__Problem requirements__. Every entry below should be written out exactly, and no image should appear.

Top of Available data

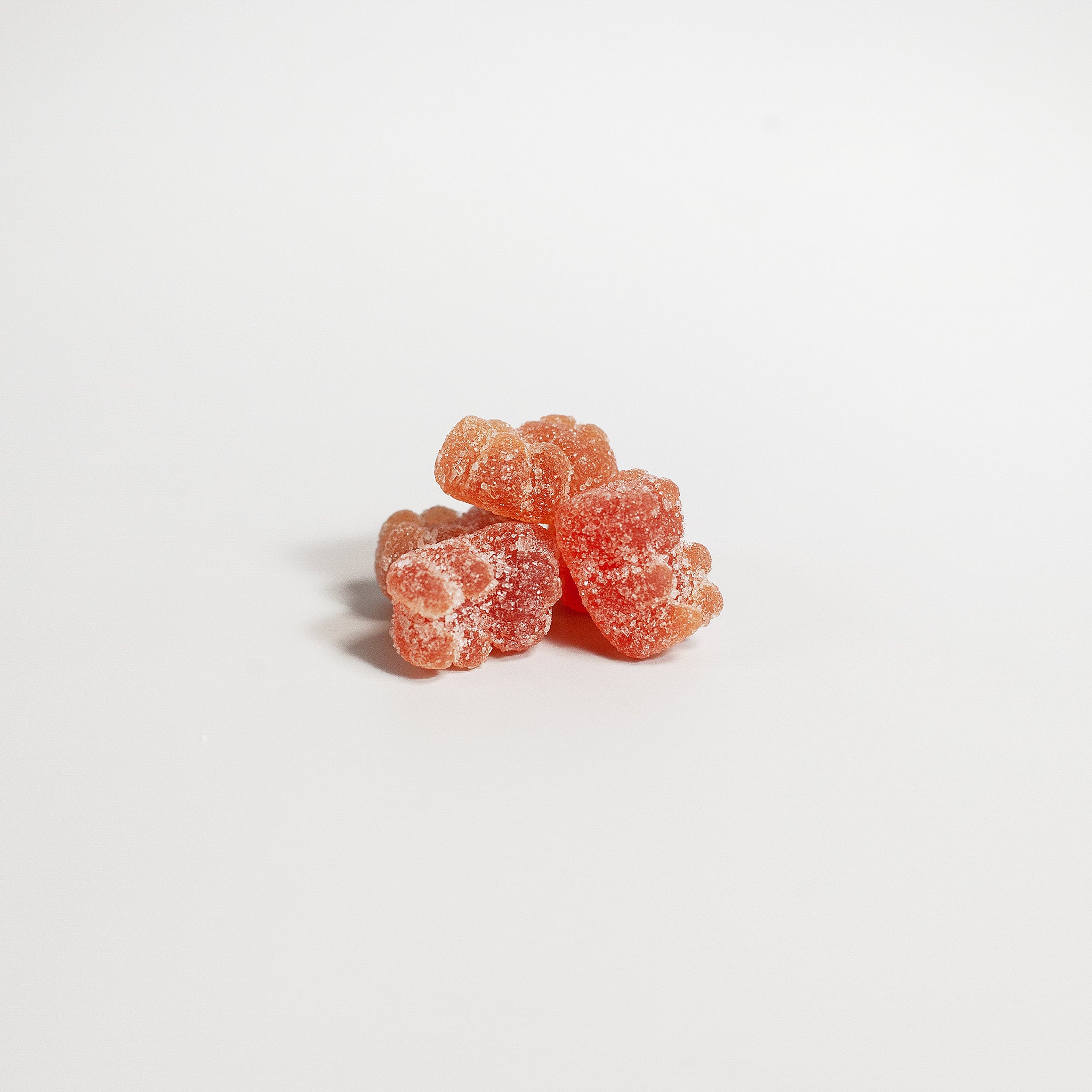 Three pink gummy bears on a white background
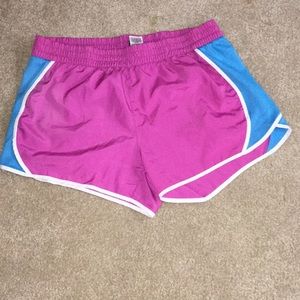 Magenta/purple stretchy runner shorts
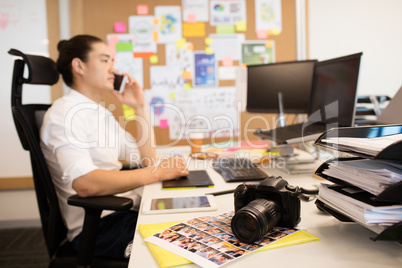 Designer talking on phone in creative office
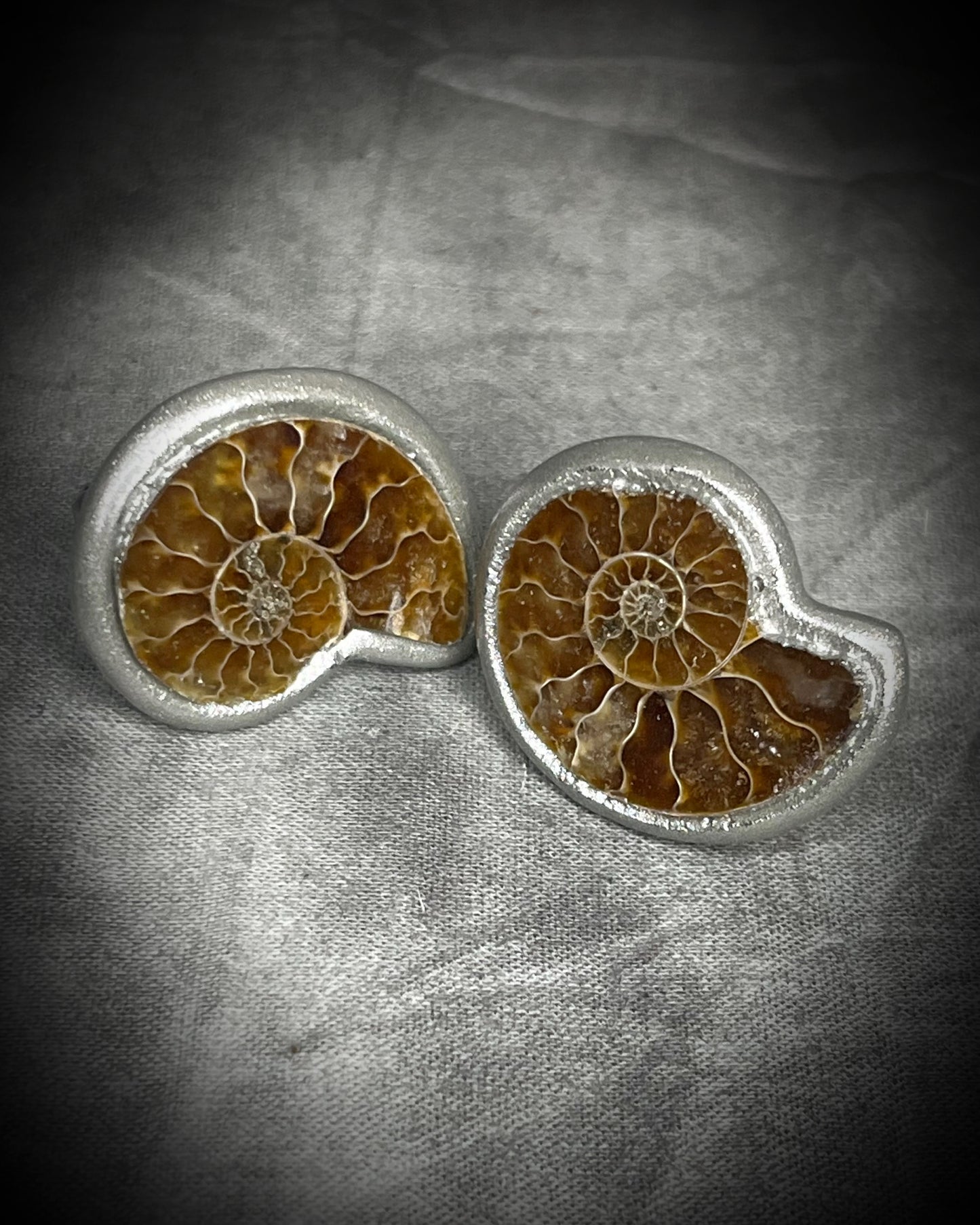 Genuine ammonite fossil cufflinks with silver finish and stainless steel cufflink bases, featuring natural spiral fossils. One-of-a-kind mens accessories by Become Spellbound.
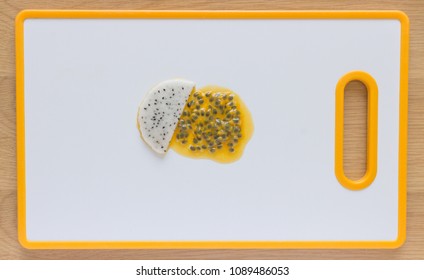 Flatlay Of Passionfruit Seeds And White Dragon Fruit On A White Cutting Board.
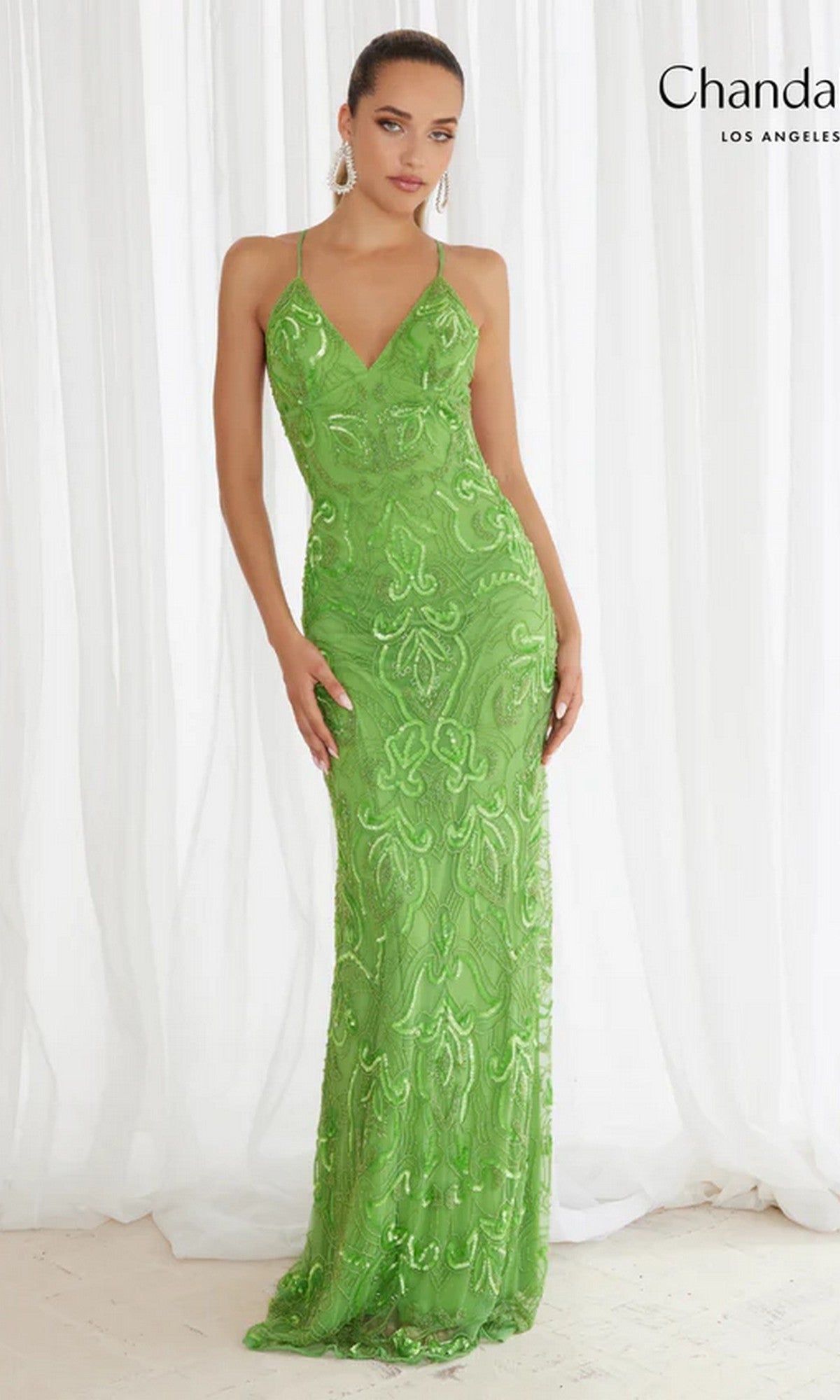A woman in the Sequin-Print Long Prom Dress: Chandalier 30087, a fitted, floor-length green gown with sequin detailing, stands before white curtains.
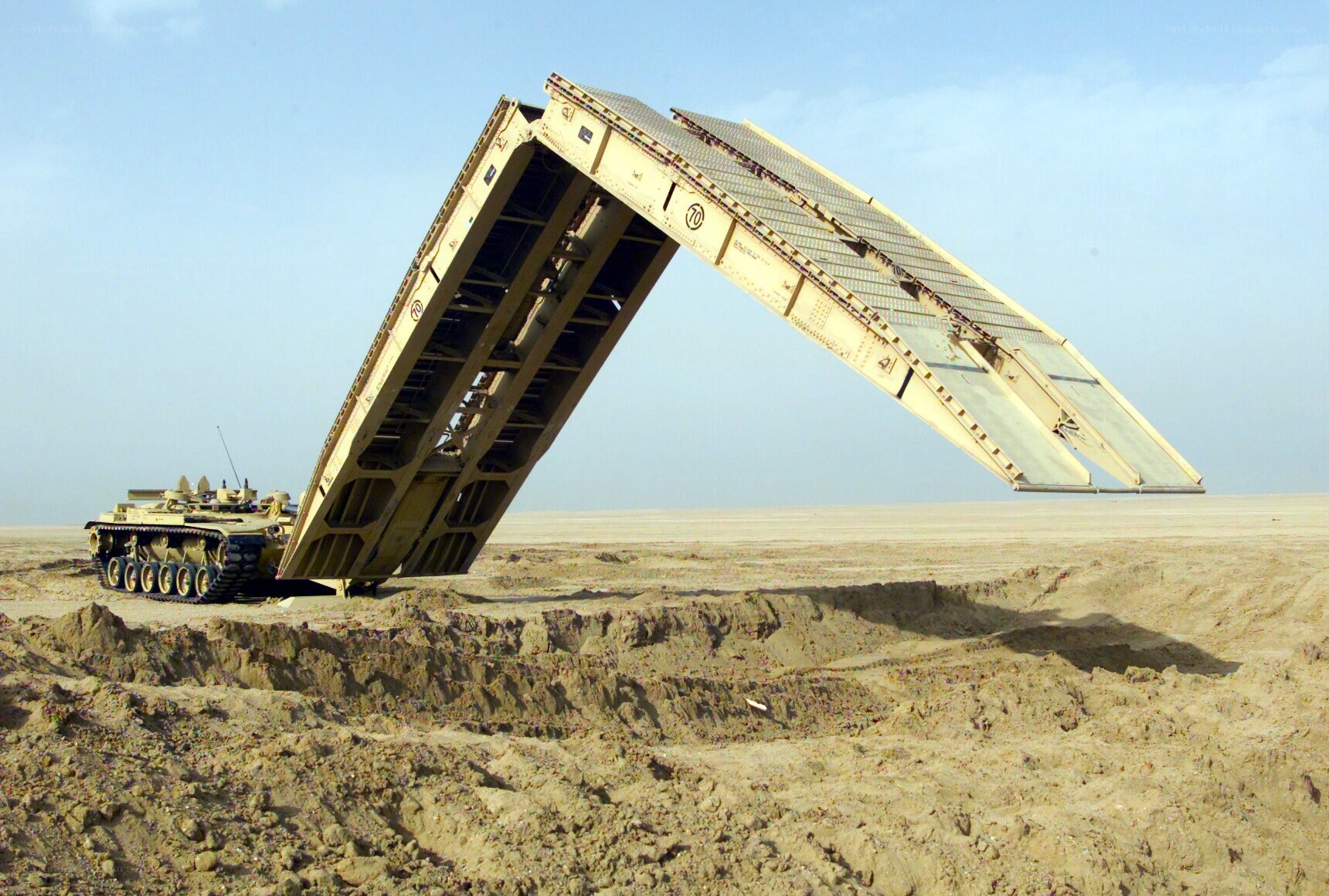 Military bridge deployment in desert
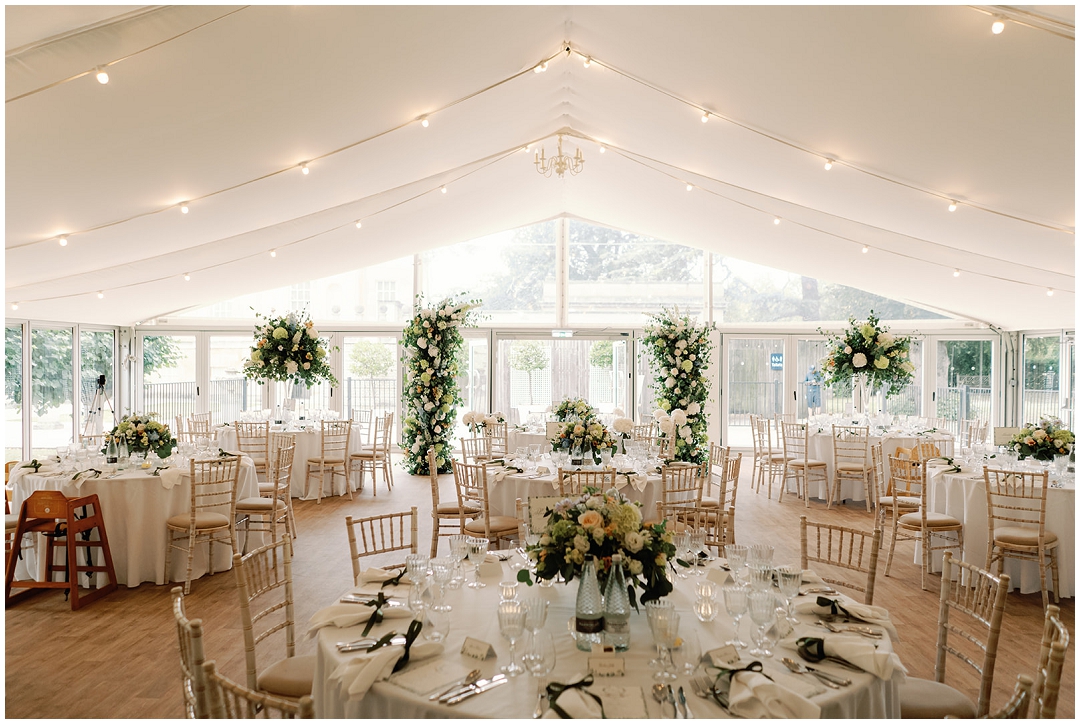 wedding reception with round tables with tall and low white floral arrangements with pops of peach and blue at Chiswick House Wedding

Bottom of Available data

__Solution for this task__.
 Three pink gummy bears on a white background
 Magenta/purple stretchy runner shorts
 Designer talking on phone in creative office
 Genuine ammonite fossil cufflinks with silver finish and stainless steel cufflink bases, featuring natural spiral fossils. One-of-a-kind mens accessories by Become Spellbound.
 Flatlay Of Passionfruit Seeds And White Dragon Fruit On A White Cutting Board.
A woman in the Sequin-Print Long Prom Dress: Chandalier 30087, a fitted, floor-length green gown with sequin detailing, stands before white curtains.
 Military bridge deployment in desert
 wedding reception with round tables with tall and low white floral arrangements with pops of peach and blue at Chiswick House Wedding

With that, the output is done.